You just added a comma in A2, but I fixed it.  Paul, you are my new hero.  The things you did with that code, i just understood after seeing my TA.  I was doing something similar and here are the things she made me realize.  My changing of the letters would only work if I have capital letters.  I was missing the connection that if the letters are lower case then they have to also do the changing of the letters.  that the first thing i was missing.  Im not familiar with the 'byte ptr' code cuz the teacher did not go in depth in that part.  i love this site and i do understand what you are doing.  i'm still trying to understand the jump if above/below statemetents.  I know that my code is looking between A-Z  with the ja and jb.  You used the or statement which just adds, meaning it searches its lowercase letters which is 20h ahead, correct?  The way i did it, was it wrong with the add al, 'a'-'A'?

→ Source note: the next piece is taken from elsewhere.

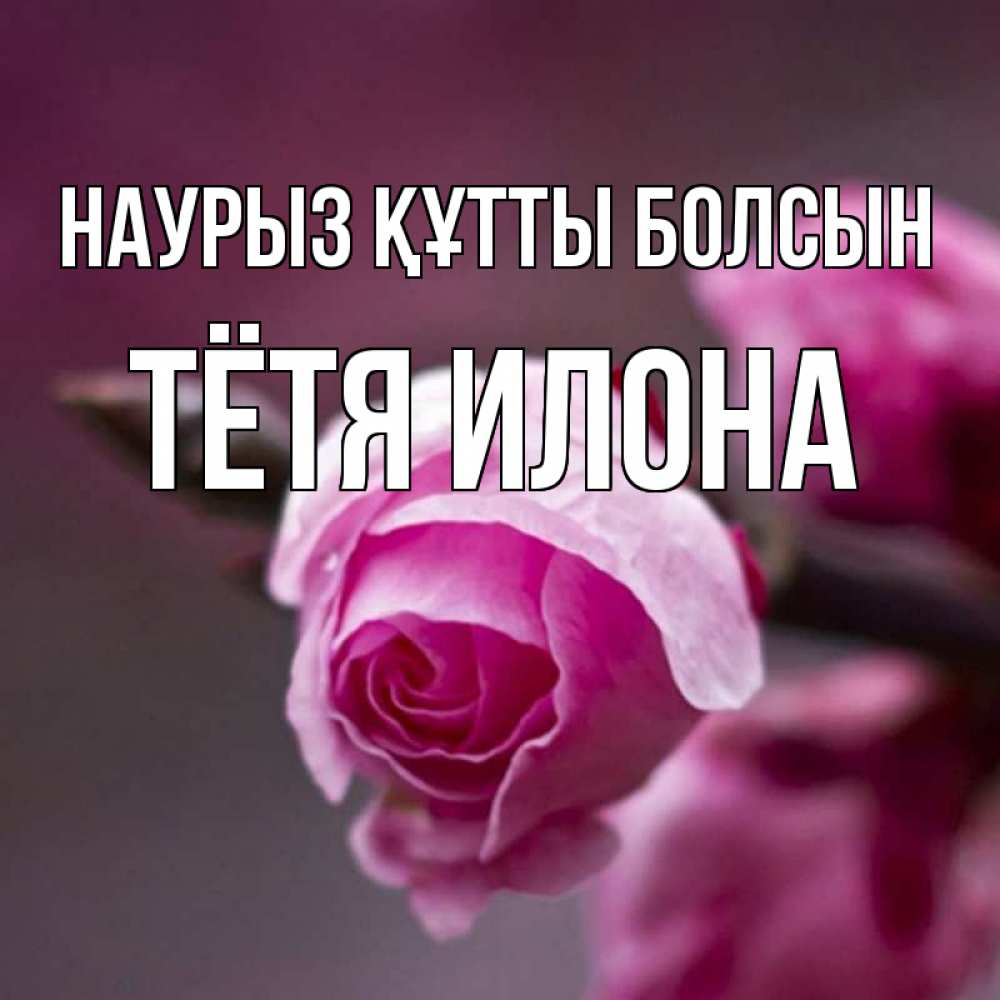 Открытка на каждый день с именем, Тётя-Илона Наурыз құтты болсын весна Прикольная открытка с пожеланием онлайн скачать бесплатно 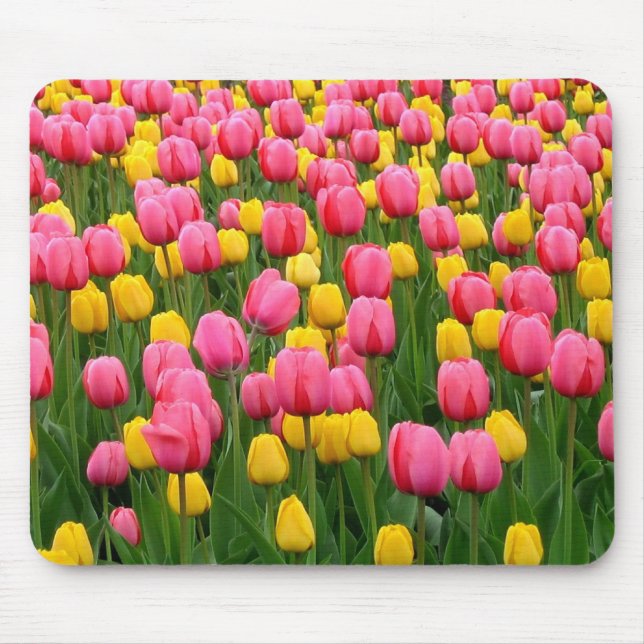 Tulips 1 Mouse Pad (Front)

Overall, I would like to thank you all for the help and encouragement.  I'm sorry I failed you guys in not figuring it out.  But im glad i figured out the last program.  Thanks again. guys.

PBrennick

scooter4483,
Thank you for your nice words, they mean a lot.  I see my error in the ja line, how the heck did I miss that!  But you fixed it!  Your add al, 'a'-'A' is functionally correct but the or command does a better and faster job (it sets the flags in a more meaningful way).  If I was only interested in the flags and not changing the actual value using tst would even be better.  Remember that and play with it until you understand it.  Also, about changing jg to ja, this is good programming practice that can prevent hard to detect errors in your future coding.  Make it a habit to only use jg and jl when dealing with signed numbers.  ja and jb is for unsigned numbers which is something that would not create an error in todays code (using jg, I mean) but if any of the computations happened to be greater than 7Fh jg would fail because those are negative numbers if you are testing the sign which is what jg and jl does, remember that and play with it until you understand it.  When using jg, 80h-0FFh is actually less than 0-7Fh!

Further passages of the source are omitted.